## Provided material
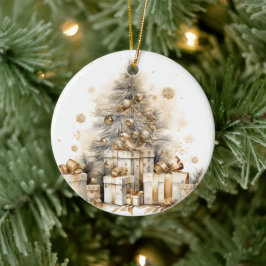 Retro Gold Weihnachtsbaum Keramik Ornament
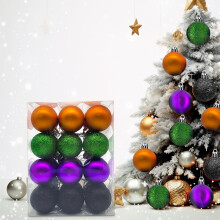Halloween Ball Ornaments White Orange Green Ghost 24 pcs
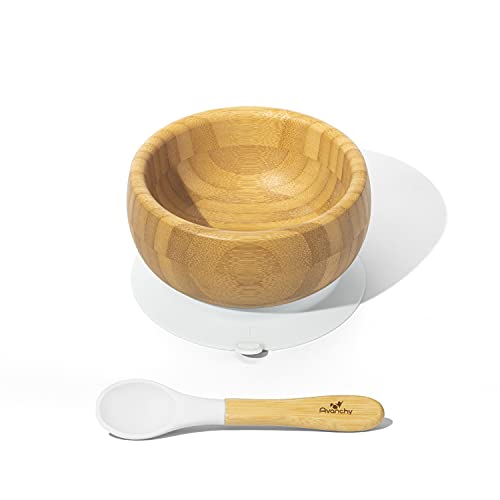 Avanchy Baby Toddler Infant Feeding Bowls. Stay Put Natural Bamboo Suction Bowl + Soft Tip Silicone Spoon Set. BPA Free. Great Kids Food Gift Pack (White)
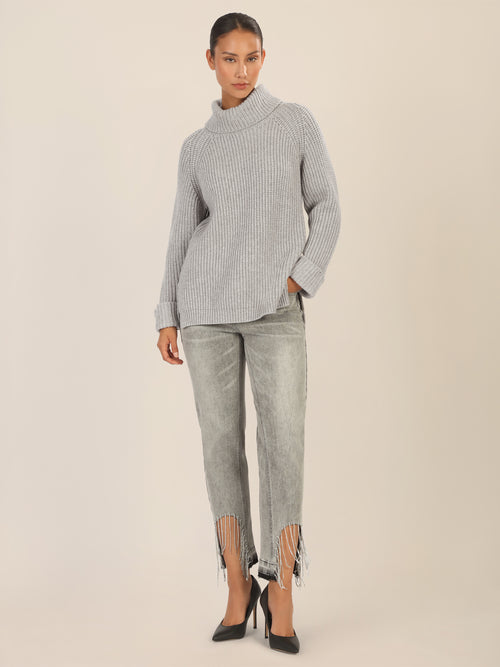 APART Oversized Pullover mit Rollkragen | graumeliert image 1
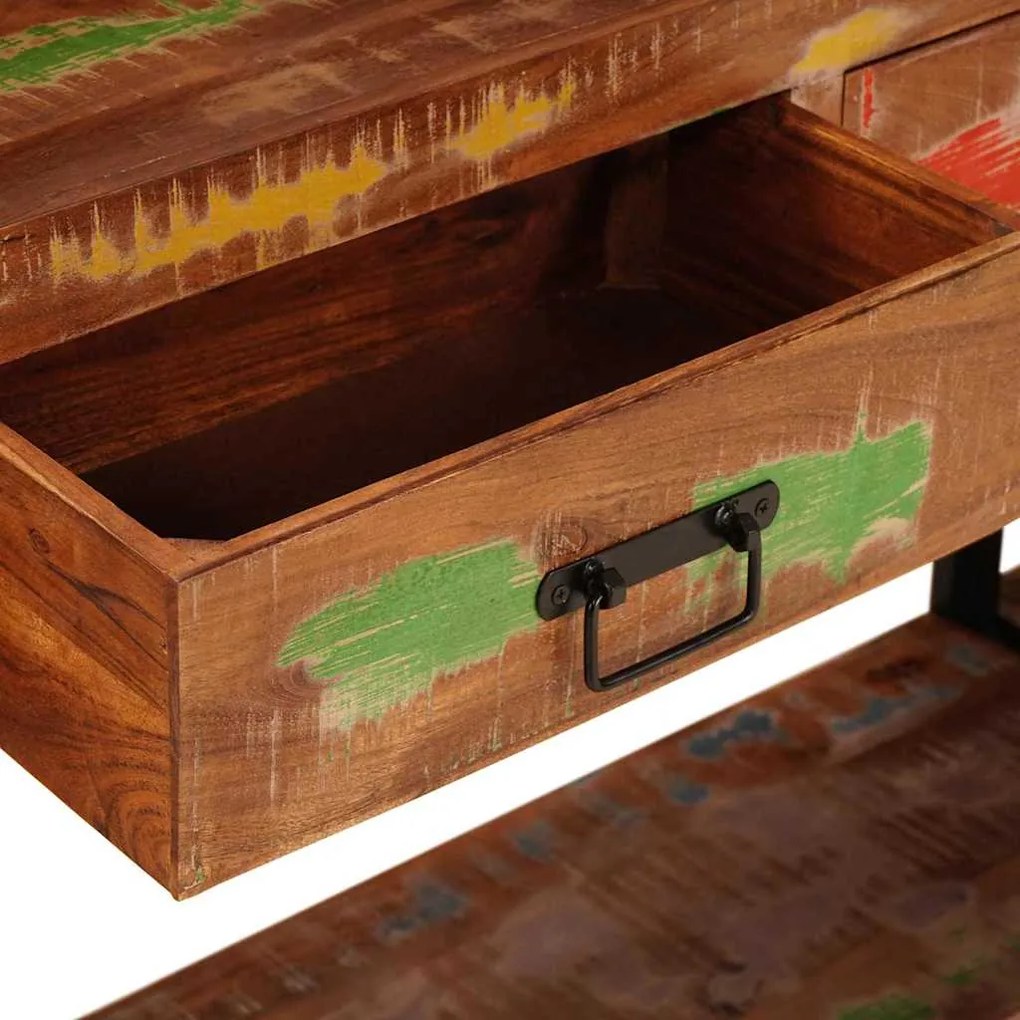 Mesas consola 2 pcs Multicolor Madeira recuperada maciça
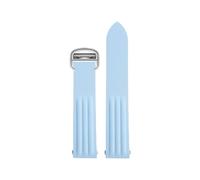 TROGPYXG Men's Fkm Rubber Watchband Compatible With Cartier Roadster Series Men Fluororubber Watch Strap Quick-release Folding Buckle Bracelet(Sky blue-silver)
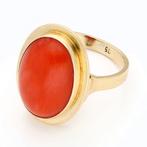 Ring - 14 karaat Geel goud - Bloedkoraal, Sieraden, Tassen en Uiterlijk, Ringen, Nieuw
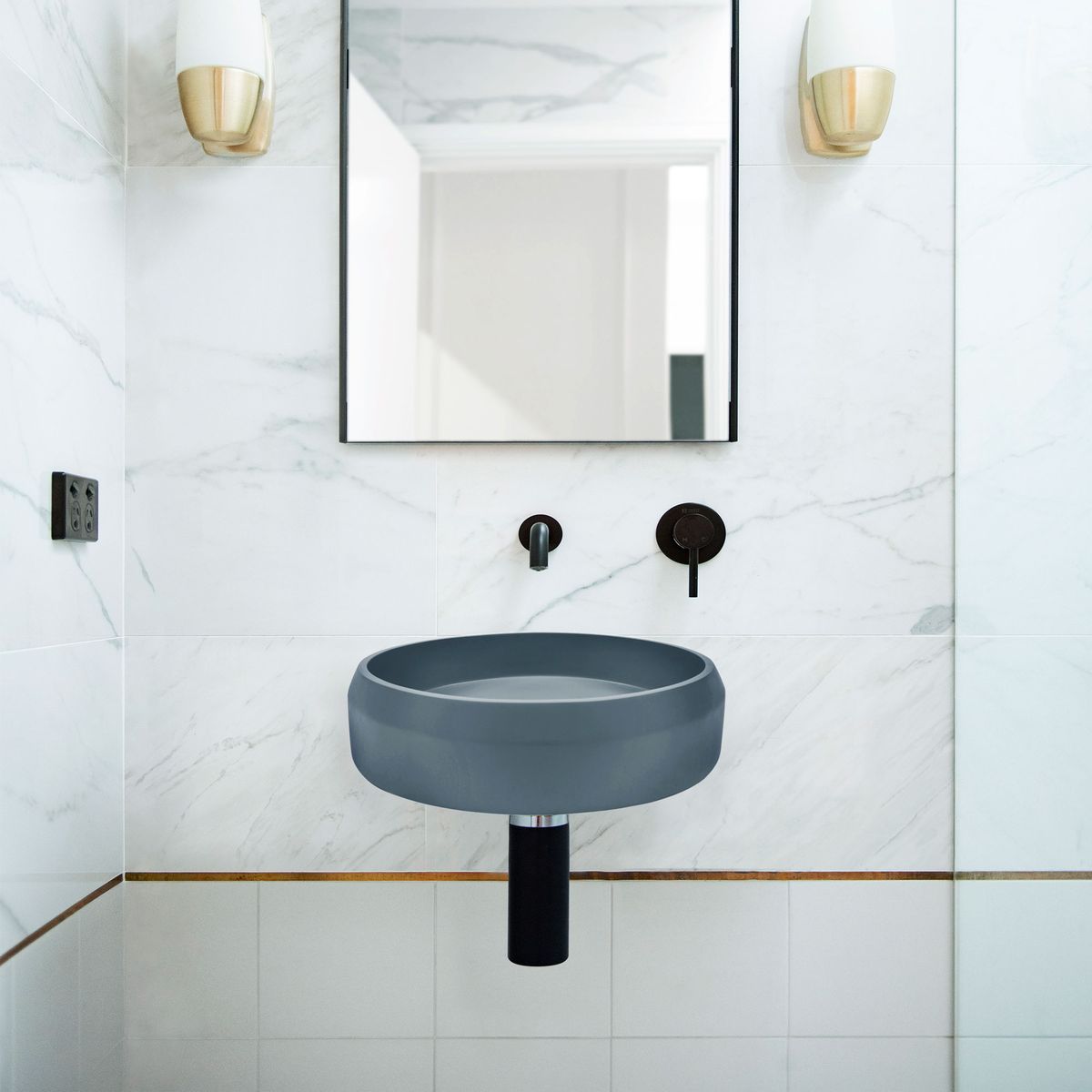 Nood Wall Mount Prism Circle Basin in Copan Blue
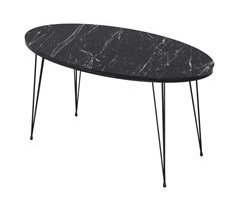 Mesa de centro Skævinge ovalada aglomerado y metal 90x50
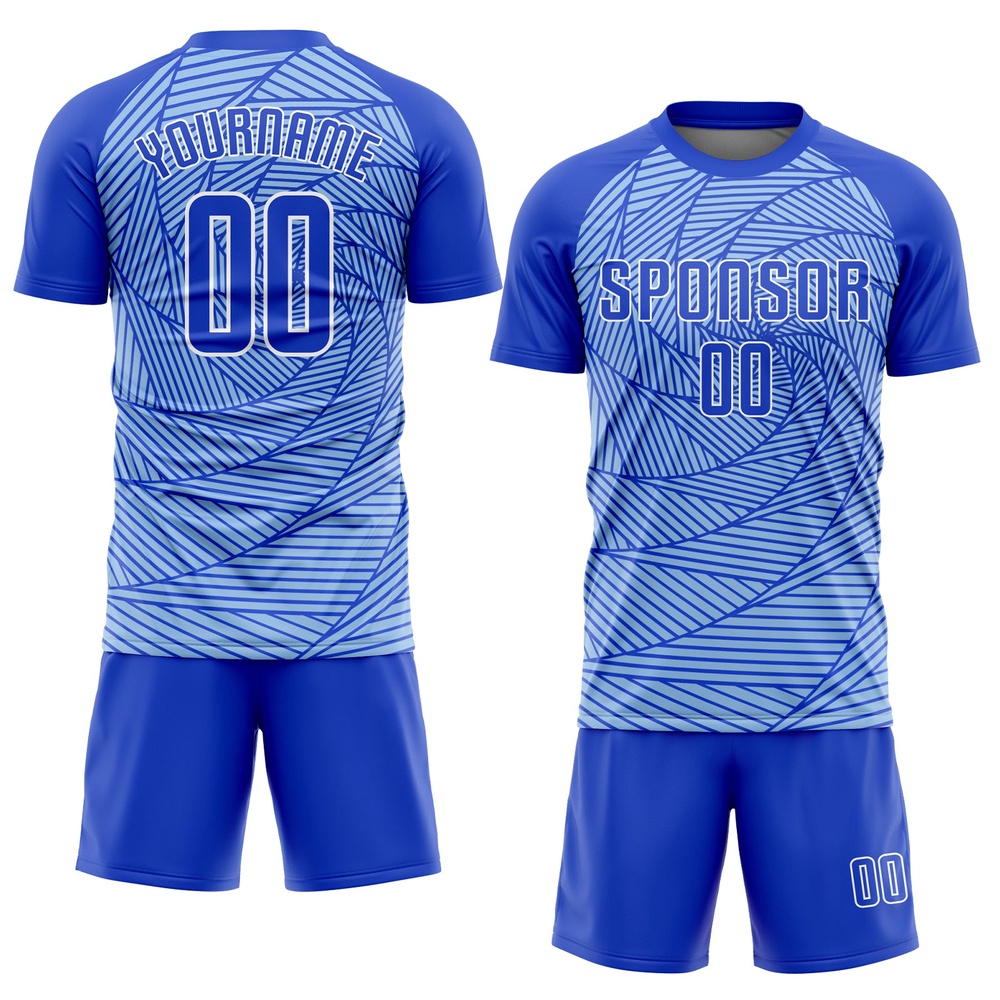Light Blue Royal White Sublimation Soccer Uniform Jersey, Custom Team Soccer Jersey Shirt
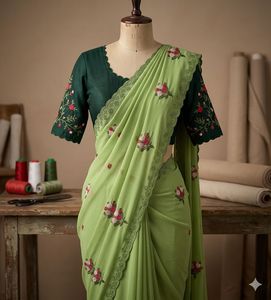 Star Georgette with beautiful flower Work <b>Saree</b> With Contrast Running <b>Blouse</b> - Product Image 2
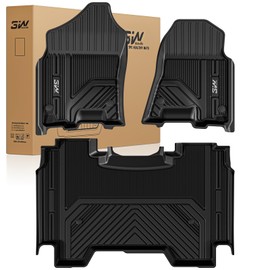 3W Floor Mats Fit for 2019-2024 Dodge Ram 1500 Crew Cab New Body (NOT Classic Models) Without Storage, TPE All Weather Custom Fit Floor Liner for Ram 1500, 1st and 2nd Row Full Set Car Mats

## Exercise
Please extract exactly the lines of the data, from the first through the line containing "Mesas consola 2", and add no pictures to the copy.

## Answer section
 Retro Gold Weihnachtsbaum Keramik Ornament
Halloween Ball Ornaments White Orange Green Ghost 24 pcs
 Avanchy Baby Toddler Infant Feeding Bowls. Stay Put Natural Bamboo Suction Bowl + Soft Tip Silicone Spoon Set. BPA Free. Great Kids Food Gift Pack (White)
 APART Oversized Pullover mit Rollkragen | graumeliert image 1
 Mesas consola 2 pcs Multicolor Madeira recuperada maciça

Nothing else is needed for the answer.